DATA FOR THIS TASK:
* * * * * * * * *

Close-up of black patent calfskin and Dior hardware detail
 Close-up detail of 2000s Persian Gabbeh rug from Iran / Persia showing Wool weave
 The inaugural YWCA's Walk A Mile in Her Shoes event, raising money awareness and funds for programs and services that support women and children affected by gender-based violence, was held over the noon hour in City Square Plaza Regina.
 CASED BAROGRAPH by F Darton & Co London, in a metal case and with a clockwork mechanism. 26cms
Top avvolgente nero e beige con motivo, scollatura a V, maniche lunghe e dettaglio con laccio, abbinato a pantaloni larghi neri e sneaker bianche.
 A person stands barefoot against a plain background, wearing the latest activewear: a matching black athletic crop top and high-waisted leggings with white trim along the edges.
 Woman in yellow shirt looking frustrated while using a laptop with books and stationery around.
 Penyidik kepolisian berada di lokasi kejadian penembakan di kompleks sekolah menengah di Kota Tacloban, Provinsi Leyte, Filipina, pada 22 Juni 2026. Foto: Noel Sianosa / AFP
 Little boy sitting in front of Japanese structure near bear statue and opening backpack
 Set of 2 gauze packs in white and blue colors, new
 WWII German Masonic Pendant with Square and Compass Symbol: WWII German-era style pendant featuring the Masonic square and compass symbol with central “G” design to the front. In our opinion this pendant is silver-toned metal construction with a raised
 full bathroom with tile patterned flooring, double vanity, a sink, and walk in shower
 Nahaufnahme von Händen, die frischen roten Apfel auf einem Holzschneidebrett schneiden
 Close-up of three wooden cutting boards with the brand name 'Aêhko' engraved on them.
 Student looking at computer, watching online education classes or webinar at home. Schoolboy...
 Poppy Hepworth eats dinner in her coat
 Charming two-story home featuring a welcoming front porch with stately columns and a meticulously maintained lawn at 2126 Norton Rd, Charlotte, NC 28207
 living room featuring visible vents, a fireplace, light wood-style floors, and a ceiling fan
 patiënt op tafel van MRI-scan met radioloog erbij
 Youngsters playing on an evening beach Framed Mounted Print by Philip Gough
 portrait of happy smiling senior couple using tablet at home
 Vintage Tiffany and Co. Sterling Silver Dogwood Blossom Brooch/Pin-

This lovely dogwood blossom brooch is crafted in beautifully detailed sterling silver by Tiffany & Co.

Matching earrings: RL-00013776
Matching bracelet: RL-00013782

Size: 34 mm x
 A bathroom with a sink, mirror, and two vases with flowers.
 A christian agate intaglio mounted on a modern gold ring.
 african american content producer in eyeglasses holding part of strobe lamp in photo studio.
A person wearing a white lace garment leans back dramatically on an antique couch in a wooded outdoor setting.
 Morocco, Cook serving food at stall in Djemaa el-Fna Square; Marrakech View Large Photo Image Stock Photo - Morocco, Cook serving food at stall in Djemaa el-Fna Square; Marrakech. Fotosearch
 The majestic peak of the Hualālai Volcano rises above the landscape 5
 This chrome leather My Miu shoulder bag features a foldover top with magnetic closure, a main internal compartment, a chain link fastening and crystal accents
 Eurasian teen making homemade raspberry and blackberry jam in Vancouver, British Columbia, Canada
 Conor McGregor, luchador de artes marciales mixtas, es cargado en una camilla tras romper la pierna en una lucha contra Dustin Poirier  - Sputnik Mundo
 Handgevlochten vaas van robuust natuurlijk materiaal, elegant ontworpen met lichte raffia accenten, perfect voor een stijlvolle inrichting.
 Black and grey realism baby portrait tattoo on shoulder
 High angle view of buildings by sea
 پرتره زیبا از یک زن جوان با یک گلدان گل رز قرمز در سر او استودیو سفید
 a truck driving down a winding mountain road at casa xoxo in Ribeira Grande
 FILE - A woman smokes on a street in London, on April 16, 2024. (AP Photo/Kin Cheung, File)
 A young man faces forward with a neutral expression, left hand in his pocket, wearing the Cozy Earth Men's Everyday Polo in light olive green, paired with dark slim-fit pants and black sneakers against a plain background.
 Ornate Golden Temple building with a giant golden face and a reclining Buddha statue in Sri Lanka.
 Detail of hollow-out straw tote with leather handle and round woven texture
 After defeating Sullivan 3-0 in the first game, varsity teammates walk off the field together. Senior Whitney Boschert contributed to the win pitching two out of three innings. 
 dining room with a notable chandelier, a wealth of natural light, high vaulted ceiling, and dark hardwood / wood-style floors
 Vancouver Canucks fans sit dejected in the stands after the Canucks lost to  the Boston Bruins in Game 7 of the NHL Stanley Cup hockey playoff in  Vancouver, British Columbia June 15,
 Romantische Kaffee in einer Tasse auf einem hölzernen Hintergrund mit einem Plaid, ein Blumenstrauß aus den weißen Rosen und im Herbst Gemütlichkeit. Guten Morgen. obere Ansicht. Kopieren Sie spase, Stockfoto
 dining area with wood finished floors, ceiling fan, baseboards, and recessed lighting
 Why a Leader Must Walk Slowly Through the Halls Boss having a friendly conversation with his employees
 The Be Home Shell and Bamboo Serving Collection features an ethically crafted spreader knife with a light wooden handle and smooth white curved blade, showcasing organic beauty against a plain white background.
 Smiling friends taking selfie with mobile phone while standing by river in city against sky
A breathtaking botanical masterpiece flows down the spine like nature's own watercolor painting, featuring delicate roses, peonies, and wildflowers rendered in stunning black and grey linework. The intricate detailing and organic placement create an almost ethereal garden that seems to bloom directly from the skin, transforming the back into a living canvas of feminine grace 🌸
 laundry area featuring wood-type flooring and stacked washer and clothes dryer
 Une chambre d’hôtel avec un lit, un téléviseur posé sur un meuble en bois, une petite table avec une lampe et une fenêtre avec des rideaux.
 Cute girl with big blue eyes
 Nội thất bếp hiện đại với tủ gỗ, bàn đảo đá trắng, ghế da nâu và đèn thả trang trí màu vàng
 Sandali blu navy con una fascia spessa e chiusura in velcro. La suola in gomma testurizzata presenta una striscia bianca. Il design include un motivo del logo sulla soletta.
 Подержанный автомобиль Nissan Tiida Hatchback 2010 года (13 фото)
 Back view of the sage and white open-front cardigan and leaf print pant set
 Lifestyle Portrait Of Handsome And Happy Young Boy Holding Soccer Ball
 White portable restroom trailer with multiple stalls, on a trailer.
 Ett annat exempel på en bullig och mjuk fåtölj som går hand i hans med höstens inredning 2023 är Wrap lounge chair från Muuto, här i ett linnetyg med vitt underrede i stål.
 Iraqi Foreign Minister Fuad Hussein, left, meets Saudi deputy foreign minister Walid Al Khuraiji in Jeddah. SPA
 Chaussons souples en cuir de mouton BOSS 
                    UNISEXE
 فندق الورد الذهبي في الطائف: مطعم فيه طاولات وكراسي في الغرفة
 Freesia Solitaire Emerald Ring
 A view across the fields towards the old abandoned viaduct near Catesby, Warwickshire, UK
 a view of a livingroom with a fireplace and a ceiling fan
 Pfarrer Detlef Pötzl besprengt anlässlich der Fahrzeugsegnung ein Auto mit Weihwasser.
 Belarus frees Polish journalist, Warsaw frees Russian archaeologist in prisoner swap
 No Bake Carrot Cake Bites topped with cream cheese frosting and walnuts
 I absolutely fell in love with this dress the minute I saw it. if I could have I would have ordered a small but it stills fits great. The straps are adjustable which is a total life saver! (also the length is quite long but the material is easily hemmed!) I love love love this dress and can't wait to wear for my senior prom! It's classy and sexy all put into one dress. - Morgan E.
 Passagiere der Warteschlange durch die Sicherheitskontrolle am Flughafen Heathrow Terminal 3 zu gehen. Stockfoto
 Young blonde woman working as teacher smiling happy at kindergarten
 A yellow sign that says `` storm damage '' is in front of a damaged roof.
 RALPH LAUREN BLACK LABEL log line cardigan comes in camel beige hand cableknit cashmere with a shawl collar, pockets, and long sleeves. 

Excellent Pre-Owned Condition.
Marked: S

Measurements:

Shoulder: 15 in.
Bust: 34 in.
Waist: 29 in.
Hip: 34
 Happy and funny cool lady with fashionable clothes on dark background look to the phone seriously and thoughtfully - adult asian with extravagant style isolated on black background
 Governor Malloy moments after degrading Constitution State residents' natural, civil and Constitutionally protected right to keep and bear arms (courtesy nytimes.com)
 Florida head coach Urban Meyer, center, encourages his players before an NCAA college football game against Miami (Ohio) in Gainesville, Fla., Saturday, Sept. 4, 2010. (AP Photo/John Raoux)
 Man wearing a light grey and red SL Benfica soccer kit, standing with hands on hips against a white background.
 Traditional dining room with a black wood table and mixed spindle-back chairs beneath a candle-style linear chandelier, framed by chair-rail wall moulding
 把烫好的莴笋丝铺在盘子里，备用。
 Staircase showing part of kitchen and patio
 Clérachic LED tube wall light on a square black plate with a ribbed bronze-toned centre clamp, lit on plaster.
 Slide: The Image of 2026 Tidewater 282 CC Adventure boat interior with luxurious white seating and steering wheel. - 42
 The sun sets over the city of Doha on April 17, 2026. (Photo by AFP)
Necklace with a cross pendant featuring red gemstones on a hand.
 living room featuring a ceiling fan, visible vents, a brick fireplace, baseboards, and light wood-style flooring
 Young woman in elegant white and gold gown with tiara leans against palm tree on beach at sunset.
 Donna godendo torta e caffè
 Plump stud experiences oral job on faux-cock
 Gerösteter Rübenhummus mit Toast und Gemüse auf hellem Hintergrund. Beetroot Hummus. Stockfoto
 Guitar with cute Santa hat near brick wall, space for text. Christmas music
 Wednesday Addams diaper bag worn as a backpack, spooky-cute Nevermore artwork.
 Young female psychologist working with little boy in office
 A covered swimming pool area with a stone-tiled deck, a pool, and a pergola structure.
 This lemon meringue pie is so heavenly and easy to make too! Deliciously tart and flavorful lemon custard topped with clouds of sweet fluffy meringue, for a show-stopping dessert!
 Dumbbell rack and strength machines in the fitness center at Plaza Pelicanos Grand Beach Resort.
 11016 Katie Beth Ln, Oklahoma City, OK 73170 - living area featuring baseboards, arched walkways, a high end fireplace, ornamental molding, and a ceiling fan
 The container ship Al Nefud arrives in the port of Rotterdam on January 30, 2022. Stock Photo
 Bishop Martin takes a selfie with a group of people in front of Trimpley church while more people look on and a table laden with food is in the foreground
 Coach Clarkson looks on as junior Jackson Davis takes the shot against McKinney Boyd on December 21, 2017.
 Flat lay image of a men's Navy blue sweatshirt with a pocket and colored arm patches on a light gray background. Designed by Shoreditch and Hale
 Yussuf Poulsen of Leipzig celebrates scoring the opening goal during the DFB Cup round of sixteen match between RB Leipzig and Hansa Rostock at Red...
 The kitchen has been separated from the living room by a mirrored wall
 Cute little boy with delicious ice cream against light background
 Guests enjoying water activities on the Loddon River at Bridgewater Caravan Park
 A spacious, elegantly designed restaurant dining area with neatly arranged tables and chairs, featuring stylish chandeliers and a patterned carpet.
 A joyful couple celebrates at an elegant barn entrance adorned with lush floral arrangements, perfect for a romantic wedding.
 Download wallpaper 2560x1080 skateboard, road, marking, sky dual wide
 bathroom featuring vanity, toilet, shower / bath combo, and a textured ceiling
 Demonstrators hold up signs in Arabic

* * * * * * * * *

ASSIGNMENT:
Using the entries above, output exactly the lines between the line holding "Close-up detail of" and the line holding "Youngsters playing on", end lines included, and nothing more.

OUTPUT BELOW:
 Close-up detail of 2000s Persian Gabbeh rug from Iran / Persia showing Wool weave
 The inaugural YWCA's Walk A Mile in Her Shoes event, raising money awareness and funds for programs and services that support women and children affected by gender-based violence, was held over the noon hour in City Square Plaza Regina.
 CASED BAROGRAPH by F Darton & Co London, in a metal case and with a clockwork mechanism. 26cms
Top avvolgente nero e beige con motivo, scollatura a V, maniche lunghe e dettaglio con laccio, abbinato a pantaloni larghi neri e sneaker bianche.
 A person stands barefoot against a plain background, wearing the latest activewear: a matching black athletic crop top and high-waisted leggings with white trim along the edges.
 Woman in yellow shirt looking frustrated while using a laptop with books and stationery around.
 Penyidik kepolisian berada di lokasi kejadian penembakan di kompleks sekolah menengah di Kota Tacloban, Provinsi Leyte, Filipina, pada 22 Juni 2026. Foto: Noel Sianosa / AFP
 Little boy sitting in front of Japanese structure near bear statue and opening backpack
 Set of 2 gauze packs in white and blue colors, new
 WWII German Masonic Pendant with Square and Compass Symbol: WWII German-era style pendant featuring the Masonic square and compass symbol with central “G” design to the front. In our opinion this pendant is silver-toned metal construction with a raised
 full bathroom with tile patterned flooring, double vanity, a sink, and walk in shower
 Nahaufnahme von Händen, die frischen roten Apfel auf einem Holzschneidebrett schneiden
 Close-up of three wooden cutting boards with the brand name 'Aêhko' engraved on them.
 Student looking at computer, watching online education classes or webinar at home. Schoolboy...
 Poppy Hepworth eats dinner in her coat
 Charming two-story home featuring a welcoming front porch with stately columns and a meticulously maintained lawn at 2126 Norton Rd, Charlotte, NC 28207
 living room featuring visible vents, a fireplace, light wood-style floors, and a ceiling fan
 patiënt op tafel van MRI-scan met radioloog erbij
 Youngsters playing on an evening beach Framed Mounted Print by Philip Gough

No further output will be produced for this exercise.